The spine specialist asks several questions about the patient in general and their symptoms. The list below is not all-inclusive. Depending on the patient and their symptoms, additional questions may be posed.
- Have you noticed weakness in your arms or legs?
- Does the weakness come and go or is it consistent?
- Do you experience muscle twitching?
- Do you have problems walking? What kind of problems?
- When do you have problems walking? Climbing stairs? Walking downhill?
- Do you experience cramps in your legs?
- Do you have any numbness, tingling, or pain in your back or extremities?
- Does changing position relieve your symptoms?
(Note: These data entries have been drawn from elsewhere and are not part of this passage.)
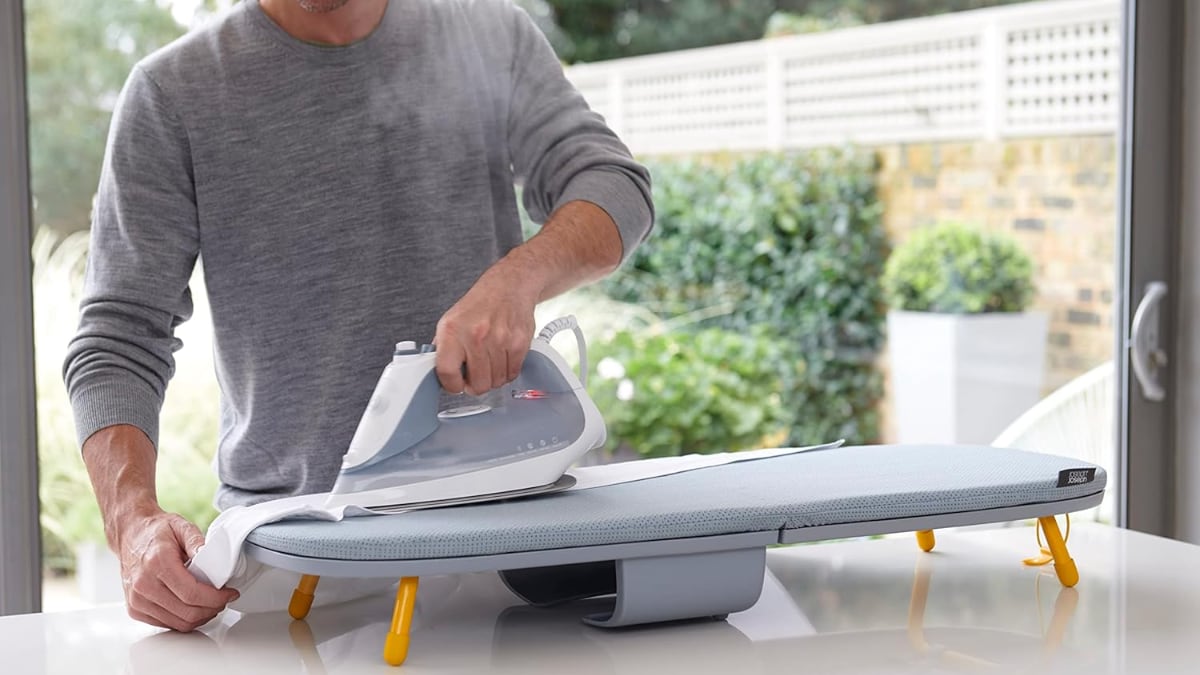 Tabla de planchar plegable a menos de 56 euros.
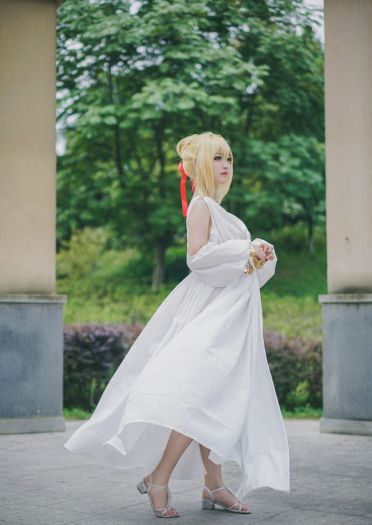 【cos正片】尼禄睡衣cos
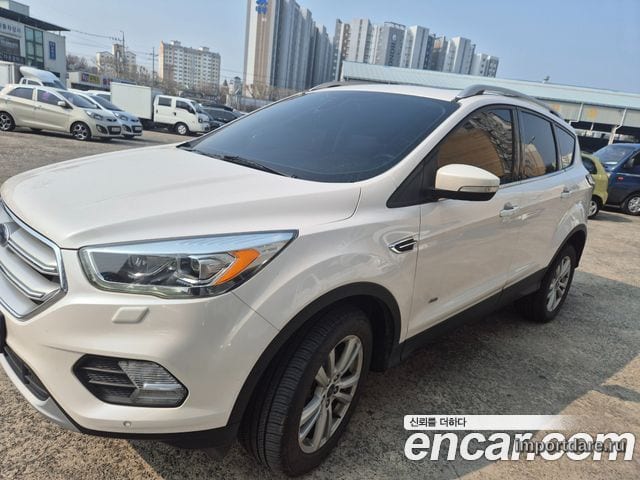 Ford Kuga сзади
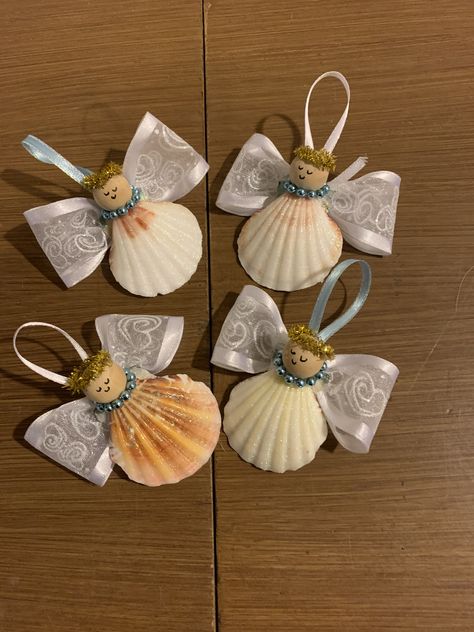 Seashell Art Diy, Seashell Christmas Ornaments, Christmas Angel Crafts, Beach Christmas Ornaments, Beach Themed Crafts, Art Coquillage, Seashell Projects, Coastal Christmas Decor, 2023 Art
- What makes your symptoms worse?
- Do you have bowel or bladder problems?
Gait and Balance
Walking, or gait, simply means the way a person walks: rhythmical pattern and speed. Walking is a complex process involving different reflexes stimulated by the nervous system and the person’s awareness of where they are in space (termed ‘proprioception’), which is important for balance. The physician may ask the patient to walk across the room, turn and come back, walk heel to toe, on their toes and heels, hop in place on each foot, and/or rise from a sitting position. The physician observes any listing, erratic movement, or loss of rhythm. These movements may also indicate weakness and difficulty with balance.